The Caribbean Philosophical Association (CPA) is a philosophical organization founded in 2002 at the Center for Caribbean Thought at the University of the West Indies, in Mona, Jamaica. The founding members were George Belle, B. Anthony Bogues, Patrick Goodin, Lewis Gordon, Clevis Headley, Paget Henry, Nelson Maldonado-Torres, Charles Mills, and Supriya Nair. The association promotes the view that philosophy is the "rigorous theoretical reflection about fundamental problems faced by humanity", and that Caribbean philosophy in particular should be seen as "a transdisciplinary form of interrogation informed by scholarly knowledges as well as by practices and artistic expressions that elucidate fundamental questions that emerge in contexts of 'discovery,' conquest, racial, gender, and sexual domination, genocide, dependency, and exploitation as well as freedom, emancipation, and decolonization."

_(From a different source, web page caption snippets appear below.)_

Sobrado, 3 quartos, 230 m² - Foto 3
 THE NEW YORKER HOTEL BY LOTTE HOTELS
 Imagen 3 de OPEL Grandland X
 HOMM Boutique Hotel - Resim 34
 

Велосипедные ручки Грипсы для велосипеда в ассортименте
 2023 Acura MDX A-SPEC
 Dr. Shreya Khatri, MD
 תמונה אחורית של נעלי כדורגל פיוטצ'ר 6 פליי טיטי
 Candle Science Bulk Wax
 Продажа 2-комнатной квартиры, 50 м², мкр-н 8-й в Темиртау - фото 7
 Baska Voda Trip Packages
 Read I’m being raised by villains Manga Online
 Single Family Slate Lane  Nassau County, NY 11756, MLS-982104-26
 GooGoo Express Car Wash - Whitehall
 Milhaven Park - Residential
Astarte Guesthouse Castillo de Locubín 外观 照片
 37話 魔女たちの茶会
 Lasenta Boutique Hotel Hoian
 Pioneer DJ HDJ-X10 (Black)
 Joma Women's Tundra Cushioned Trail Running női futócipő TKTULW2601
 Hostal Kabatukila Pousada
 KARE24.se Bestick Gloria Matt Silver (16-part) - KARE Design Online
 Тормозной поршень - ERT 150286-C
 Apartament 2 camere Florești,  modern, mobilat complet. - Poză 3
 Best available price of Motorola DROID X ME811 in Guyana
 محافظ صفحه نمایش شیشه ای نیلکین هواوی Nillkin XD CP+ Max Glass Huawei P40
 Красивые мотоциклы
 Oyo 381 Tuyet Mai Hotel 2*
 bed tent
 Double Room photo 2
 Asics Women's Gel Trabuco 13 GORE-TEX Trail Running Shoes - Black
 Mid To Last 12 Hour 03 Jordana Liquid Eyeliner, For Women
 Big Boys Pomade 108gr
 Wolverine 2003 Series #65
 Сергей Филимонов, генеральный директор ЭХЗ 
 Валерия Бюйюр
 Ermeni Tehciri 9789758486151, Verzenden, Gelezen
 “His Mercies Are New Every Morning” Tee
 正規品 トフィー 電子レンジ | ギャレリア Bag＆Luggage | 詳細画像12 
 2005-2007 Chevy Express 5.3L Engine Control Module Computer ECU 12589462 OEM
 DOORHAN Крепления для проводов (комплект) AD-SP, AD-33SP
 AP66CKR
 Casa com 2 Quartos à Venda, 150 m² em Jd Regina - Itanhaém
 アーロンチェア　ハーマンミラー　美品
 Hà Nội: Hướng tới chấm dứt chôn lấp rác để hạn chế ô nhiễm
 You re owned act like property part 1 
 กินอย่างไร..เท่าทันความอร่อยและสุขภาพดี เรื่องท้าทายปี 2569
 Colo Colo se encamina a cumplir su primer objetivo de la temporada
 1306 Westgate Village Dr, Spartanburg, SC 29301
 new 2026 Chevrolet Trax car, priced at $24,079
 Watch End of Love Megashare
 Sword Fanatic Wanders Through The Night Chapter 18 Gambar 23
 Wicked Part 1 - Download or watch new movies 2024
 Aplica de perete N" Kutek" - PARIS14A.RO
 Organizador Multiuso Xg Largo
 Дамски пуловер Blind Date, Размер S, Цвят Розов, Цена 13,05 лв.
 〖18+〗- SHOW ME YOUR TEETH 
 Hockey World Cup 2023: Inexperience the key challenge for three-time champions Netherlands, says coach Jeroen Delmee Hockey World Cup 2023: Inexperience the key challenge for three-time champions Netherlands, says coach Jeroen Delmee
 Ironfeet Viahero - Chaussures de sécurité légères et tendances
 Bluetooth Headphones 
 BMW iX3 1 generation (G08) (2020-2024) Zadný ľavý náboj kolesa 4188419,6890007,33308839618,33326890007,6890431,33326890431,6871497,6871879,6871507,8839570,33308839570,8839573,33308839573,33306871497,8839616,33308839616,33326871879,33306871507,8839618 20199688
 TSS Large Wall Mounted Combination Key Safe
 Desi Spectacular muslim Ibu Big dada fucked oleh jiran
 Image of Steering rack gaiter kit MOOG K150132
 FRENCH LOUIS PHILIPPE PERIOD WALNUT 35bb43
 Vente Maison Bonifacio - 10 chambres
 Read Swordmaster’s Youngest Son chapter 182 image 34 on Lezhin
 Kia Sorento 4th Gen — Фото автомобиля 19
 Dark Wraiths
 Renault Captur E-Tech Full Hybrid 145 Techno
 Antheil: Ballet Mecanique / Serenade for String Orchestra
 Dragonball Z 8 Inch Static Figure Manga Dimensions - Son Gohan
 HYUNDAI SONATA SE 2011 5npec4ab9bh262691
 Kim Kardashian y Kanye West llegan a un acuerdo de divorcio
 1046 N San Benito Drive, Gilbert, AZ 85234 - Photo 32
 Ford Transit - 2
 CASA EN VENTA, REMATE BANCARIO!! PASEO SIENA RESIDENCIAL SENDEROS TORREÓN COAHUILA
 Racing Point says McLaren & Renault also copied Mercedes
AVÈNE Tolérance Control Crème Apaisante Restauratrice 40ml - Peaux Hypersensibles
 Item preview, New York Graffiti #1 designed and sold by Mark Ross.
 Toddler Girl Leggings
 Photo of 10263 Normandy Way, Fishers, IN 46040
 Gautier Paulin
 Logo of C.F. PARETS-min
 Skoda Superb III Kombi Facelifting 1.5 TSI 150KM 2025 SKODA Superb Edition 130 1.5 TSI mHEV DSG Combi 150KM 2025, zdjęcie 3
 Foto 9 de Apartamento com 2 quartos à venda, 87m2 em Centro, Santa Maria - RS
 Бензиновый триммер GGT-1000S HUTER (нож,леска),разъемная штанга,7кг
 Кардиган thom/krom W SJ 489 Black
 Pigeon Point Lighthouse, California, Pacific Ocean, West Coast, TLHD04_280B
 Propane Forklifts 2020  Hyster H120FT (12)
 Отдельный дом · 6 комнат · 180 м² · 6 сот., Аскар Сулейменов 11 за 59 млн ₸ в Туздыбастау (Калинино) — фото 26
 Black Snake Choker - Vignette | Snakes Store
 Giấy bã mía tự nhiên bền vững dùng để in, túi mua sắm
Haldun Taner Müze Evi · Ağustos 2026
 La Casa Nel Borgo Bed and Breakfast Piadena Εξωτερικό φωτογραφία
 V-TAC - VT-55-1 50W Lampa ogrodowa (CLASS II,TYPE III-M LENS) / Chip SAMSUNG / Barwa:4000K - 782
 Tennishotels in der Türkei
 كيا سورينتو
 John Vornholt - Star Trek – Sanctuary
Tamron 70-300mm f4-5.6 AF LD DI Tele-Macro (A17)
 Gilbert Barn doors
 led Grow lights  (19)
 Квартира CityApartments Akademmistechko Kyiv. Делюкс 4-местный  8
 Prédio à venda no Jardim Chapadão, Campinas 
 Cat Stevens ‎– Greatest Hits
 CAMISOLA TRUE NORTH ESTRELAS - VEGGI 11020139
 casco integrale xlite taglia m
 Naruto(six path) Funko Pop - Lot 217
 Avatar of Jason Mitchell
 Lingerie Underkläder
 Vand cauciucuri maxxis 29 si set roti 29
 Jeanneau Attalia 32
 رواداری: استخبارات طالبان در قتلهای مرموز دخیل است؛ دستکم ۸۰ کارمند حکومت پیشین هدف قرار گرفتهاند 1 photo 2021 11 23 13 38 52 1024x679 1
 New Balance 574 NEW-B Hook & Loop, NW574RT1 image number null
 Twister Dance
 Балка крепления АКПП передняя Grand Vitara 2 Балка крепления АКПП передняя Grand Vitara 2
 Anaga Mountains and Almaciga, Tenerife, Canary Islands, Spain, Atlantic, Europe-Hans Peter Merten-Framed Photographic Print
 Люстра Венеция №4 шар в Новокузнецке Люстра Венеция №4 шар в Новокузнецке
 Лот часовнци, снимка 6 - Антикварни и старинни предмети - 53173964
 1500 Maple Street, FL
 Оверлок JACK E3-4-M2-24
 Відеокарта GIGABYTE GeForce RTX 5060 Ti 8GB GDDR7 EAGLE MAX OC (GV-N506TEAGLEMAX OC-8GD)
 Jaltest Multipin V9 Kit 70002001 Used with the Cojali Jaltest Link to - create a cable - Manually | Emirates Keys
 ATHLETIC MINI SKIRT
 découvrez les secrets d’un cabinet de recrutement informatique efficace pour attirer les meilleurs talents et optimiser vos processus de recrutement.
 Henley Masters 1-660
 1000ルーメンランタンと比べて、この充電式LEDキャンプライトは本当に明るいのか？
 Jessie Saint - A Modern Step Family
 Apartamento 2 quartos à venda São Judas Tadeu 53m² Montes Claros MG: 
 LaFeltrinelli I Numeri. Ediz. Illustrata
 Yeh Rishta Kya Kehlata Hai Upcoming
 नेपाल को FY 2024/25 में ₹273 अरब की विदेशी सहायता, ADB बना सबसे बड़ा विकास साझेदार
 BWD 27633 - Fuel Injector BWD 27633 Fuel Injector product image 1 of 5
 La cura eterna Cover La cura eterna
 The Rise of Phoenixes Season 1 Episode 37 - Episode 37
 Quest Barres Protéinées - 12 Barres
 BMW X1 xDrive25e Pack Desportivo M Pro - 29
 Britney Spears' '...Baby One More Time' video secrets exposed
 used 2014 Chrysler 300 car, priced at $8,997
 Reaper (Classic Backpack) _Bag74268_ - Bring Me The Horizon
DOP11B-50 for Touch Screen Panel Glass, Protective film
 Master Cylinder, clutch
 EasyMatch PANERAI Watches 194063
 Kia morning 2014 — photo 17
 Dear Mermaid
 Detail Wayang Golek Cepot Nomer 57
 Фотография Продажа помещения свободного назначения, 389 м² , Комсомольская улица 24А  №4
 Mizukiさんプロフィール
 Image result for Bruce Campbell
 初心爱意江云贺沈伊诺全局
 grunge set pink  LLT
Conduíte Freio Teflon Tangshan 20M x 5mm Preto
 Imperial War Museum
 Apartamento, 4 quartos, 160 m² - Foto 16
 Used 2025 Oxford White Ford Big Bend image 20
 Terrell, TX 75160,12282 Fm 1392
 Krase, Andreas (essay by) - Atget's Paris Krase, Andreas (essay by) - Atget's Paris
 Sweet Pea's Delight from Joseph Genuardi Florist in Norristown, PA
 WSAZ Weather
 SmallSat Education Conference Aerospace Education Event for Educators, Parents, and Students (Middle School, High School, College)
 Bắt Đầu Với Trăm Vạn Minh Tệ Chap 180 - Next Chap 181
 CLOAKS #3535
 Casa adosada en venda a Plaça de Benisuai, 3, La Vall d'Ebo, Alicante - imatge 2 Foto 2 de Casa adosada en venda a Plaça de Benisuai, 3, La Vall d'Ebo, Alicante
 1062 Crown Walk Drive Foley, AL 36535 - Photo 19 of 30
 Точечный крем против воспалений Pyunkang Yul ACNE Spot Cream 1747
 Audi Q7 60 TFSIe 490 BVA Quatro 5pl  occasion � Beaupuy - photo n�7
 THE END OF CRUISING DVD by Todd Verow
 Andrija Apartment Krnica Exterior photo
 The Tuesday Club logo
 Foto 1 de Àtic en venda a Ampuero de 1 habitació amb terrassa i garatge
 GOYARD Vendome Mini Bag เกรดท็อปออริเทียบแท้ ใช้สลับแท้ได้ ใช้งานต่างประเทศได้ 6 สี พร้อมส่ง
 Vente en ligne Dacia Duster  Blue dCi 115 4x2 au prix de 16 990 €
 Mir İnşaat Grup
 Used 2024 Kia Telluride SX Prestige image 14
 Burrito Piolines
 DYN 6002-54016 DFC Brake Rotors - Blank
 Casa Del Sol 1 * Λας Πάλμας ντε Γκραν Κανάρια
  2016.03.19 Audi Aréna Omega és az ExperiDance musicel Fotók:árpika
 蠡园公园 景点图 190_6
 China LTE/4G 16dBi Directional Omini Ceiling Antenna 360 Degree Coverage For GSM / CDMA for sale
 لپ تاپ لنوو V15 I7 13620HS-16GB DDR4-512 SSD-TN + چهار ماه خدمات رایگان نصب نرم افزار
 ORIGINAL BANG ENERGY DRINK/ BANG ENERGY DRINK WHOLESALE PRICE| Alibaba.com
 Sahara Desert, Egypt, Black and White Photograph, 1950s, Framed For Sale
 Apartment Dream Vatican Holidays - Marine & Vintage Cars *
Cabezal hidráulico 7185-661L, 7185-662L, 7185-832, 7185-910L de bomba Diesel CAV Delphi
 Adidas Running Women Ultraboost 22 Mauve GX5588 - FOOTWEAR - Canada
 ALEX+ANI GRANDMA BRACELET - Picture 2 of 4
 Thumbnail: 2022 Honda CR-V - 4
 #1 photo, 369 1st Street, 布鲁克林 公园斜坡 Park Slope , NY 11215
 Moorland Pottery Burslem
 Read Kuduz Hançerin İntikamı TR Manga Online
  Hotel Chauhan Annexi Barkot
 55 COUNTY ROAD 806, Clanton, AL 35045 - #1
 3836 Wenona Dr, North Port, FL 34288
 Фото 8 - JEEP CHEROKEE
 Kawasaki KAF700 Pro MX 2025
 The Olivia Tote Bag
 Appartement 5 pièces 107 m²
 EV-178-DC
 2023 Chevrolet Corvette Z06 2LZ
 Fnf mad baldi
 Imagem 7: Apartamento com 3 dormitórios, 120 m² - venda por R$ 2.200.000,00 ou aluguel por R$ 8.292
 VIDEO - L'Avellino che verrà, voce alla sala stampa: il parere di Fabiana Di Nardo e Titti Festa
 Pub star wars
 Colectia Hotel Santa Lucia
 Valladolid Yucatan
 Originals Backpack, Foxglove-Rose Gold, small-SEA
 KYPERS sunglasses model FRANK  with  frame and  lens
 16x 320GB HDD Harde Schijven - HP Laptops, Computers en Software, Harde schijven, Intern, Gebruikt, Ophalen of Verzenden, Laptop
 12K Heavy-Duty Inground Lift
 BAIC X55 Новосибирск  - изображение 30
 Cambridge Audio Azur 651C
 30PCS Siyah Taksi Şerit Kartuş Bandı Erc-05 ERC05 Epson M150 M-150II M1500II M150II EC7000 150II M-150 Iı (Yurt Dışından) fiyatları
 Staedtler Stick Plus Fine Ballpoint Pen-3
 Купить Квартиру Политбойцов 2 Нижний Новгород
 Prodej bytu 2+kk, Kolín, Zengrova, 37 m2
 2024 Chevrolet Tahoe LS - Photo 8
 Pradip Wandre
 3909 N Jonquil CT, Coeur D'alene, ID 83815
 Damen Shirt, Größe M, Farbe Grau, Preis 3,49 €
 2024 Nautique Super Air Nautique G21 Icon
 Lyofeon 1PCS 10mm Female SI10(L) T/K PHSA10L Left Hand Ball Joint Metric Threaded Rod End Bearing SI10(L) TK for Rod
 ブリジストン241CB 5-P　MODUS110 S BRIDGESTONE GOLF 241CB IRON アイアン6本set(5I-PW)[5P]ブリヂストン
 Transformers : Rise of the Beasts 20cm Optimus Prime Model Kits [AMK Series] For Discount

The organization sponsors an annual meeting and offers prizes for work that furthers the decolonization and liberation of mankind. The CPA has awarded the Frantz Fanon Prize to Enrique Dussel, Walter Mignolo, Nigel Gibson and Berghahn Books. The Nicolás Guillén Lifetime Achievement Award has been given to Ngugi wa Thiong’o, Samuel R. Delany, George Lamming, Jamaica Kincaid, Hortense Spillers, and Conceição Evaristo. The Nicolás Guillén Book Awards for philosophical literature have been awarded to Gabriel García Márquez, Gordon Rohlehr, Jose F. Buscaglia-Salgado , Supriya Nair, Frieda Ekotto, Bénédicte Boisseron, Víctor Fowler Calzada, LaRose Parris, Arturo Dávila-Sánchez, Jeremy Matthew Glick, Nadia V. Celis-Salgado, Lisa Lowe, Felwine Sarr, Rowan Ricardo Phillips, and Phillip Barron.

The CLR James Journal, established in 1990, is the official publication of the Caribbean Philosophical Association, and is "a peer-reviewed forum for the discussion of the work and legacy of Cyril Lionel Robert James, and the wider field of Caribbean ideas to which James was a major contributor."